Opinions about 3-year-old Thoroughbreds run rampant this time of year. But a lot of racing fans took notice when long-time observer Steve Haskin moved Win Win Win into the top half of his “Derby Dozen” rankings following the colt's record-shattering victory in the 7-furlong Pasco Stakes at Tampa on Jan. 19.
This week, Haskin raised Win Win Win to the No. 4 spot, behind trainer Bob Baffert's 1-2 punch of Game Winner and Improbable and Grade II Risen Star Stakes presented by Lamarque Ford winner War of Will. As if to affirm Haskin's high opinion, Win Win Win breezed 5 furlongs from the Tampa Bay Downs starting gate this morning in 59 1/5 seconds with Antonio Gallardo aboard, the fastest of 33 recorded times at the distance.
The Live Oak Plantation homebred, who is among 54 nominees for the 39th renewal of the Grade II, $400,000 Lambholm South Tampa Bay Derby on Festival Day 39 on March 9, appears ready to take the next step toward a berth in the Kentucky Derby Presented by Woodford Reserve on May 4.
First things first, but even veteran trainer Michael Trombetta, who saddled Sweetnorthernsaint to a Kentucky Derby appearance and a second-place Preakness finish to Bernardini in 2006, is starting to get that faraway, springtime-in-Louisville look.

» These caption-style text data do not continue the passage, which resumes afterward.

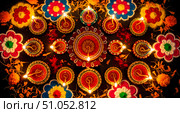 Happy Diwali celebration with lit diya oil lamps and colorful rangoli decoration on dark background. Hindu festival of lights concept with traditional clay lamp. Стоковое AI-изображение, AI-художник Павел Муравьев / Фотобанк Лори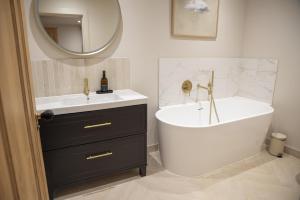 a bathroom with a tub and a sink and a mirror at Highland House in Lochearnhead +37 photos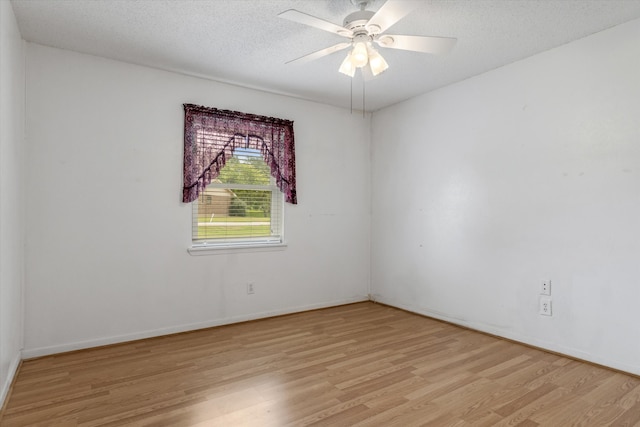 empty room with a textured ceiling, light hardwood / wood-style flooring, and ceiling fan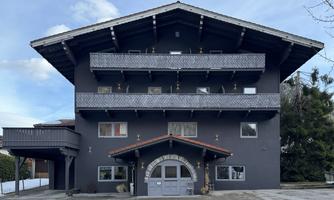A modern building in Alpine style with three balconies. The facade is dark gray and has a classic gable.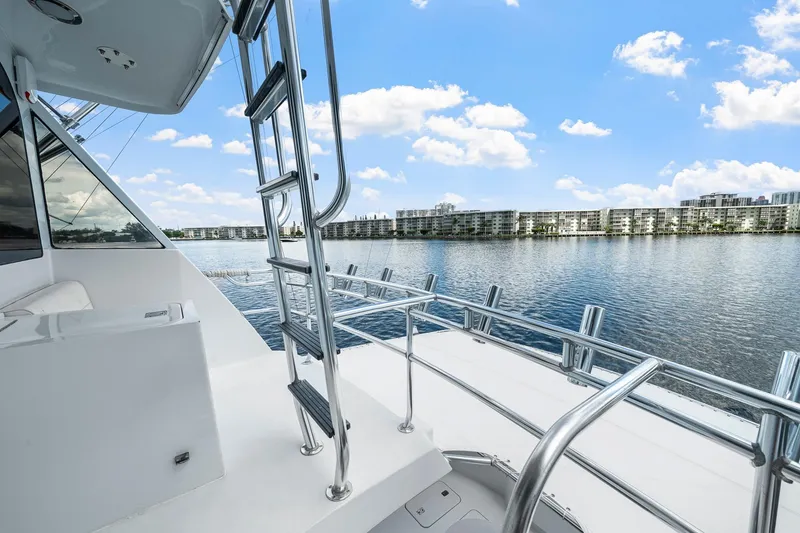 Slide: The Image of 2002 Hatteras 60 Convertible yacht deck with ocean view and clear blue sky. - 55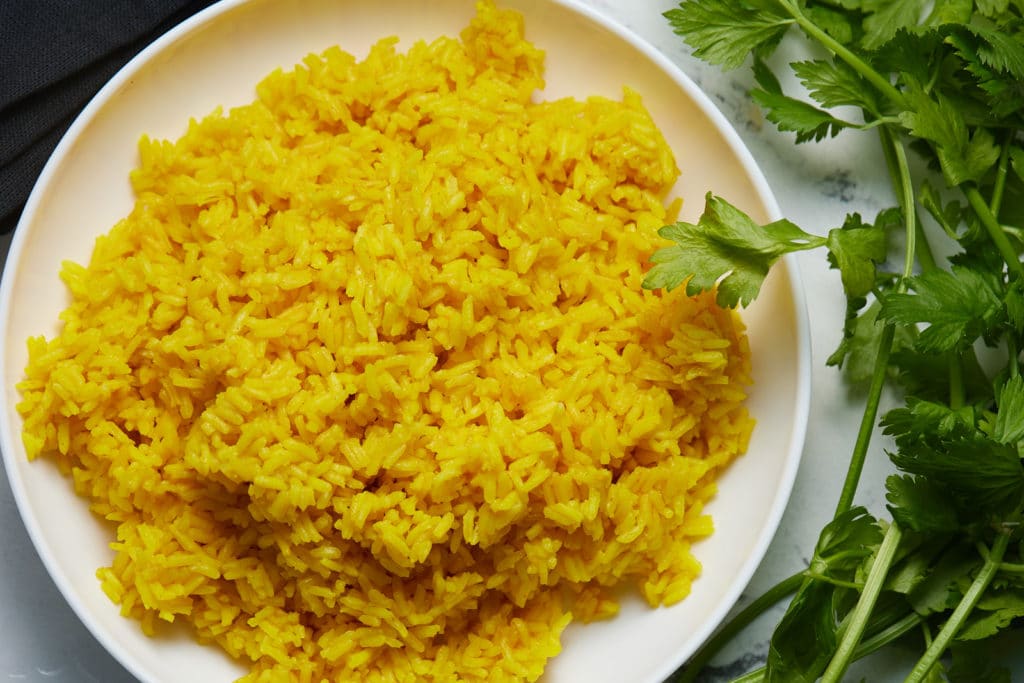 Yellow rice on a white plate next to fresh cilantro.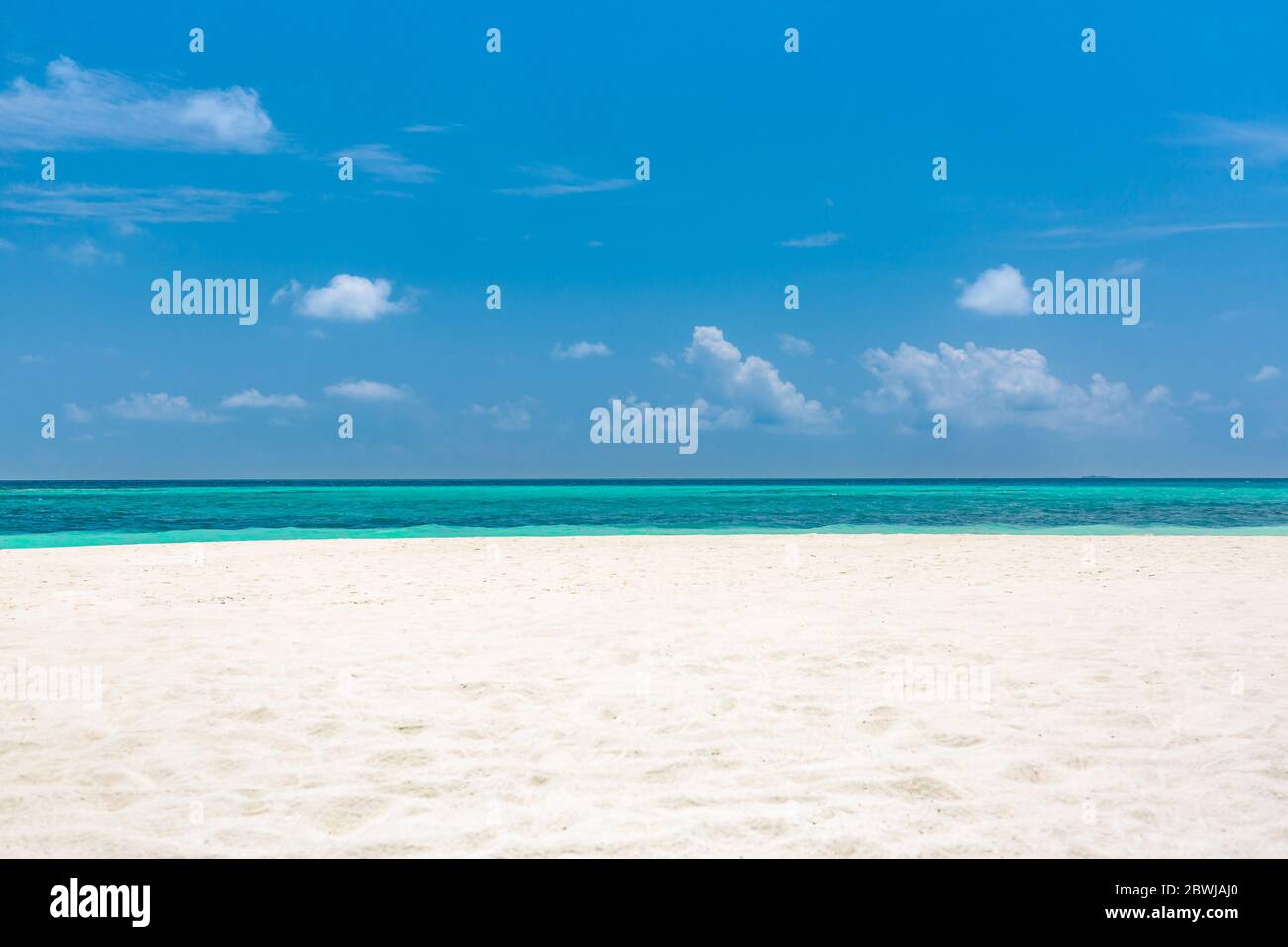 Summer beach background. Sand and sea and sky Stock Photo - Alamy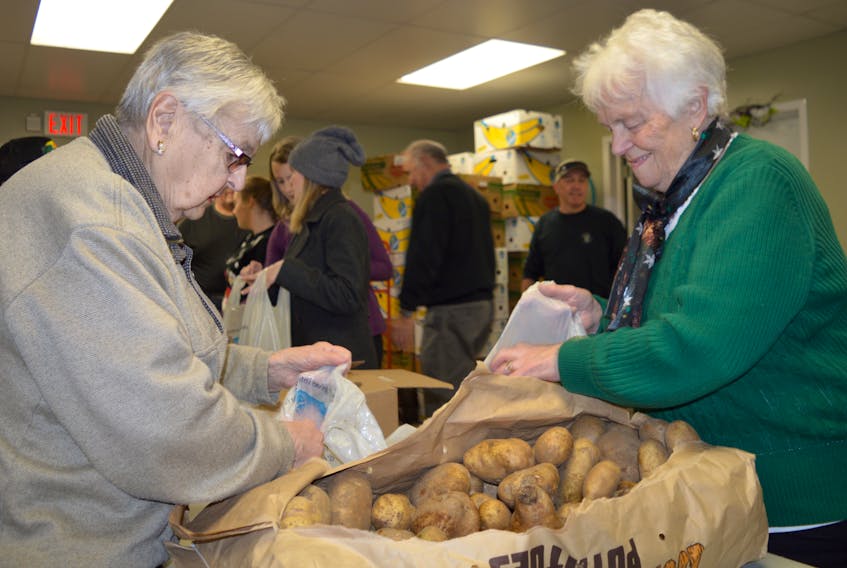 Ruby Pye, right, and Pencie Granchelli place potatoes in a bag in preparation for distribution as part of the annual Combined Christmas Cheer program at the Sydney Mines Food Bank, Tuesday. This year’s program will serve about 250 families and includes a Christmas dinner grocery order as well as knitted mittens, hats, scarves and more.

“He (Win Win Win) is one of those kind of horses that does what you tell him to do. If I want him to work a half-mile in 52 seconds he does it, and if I need him to work faster than that he'll do that, too,” Trombetta said. “I've made several trips here to watch him work (since the Pasco), and he is doing everything I would have hoped for going into (the Lambholm South Tampa Bay Derby).
“He's very willing to do whatever you need him to do, and when you ask him to do more, he does more.”
What Win Win Win hasn't done in his four-race career, as Trombetta is quick to acknowledge, is race around two turns. That would change in the Lambholm South Tampa Bay Derby, contested at a distance of a mile-and-a-sixteenth on the main track.
The Florida-bred's breeding would suggest he'll go even farther than eight-and-a-half furlongs; both his paternal and maternal grandsires, Sunday Silence and Smarty Jones, won the Kentucky Derby and Preakness and finished second in the Belmont. But there are no guarantees at this level, and Trombetta knows March 9 is something of an acid test for his promising youngster.
“We're hoping he can get us to those distances, but I truly don't know. He needs to show that he's good enough to do that – they all do,” Trombetta said. “There will be plenty of good horses in that starting gate as they're all starting to converge on these bigger races, so this is the next test.
“We've been putting some nice gallops and nice breezes under him and he is doing everything he's supposed to, so I'm as anxious as anyone else to see what he will do.”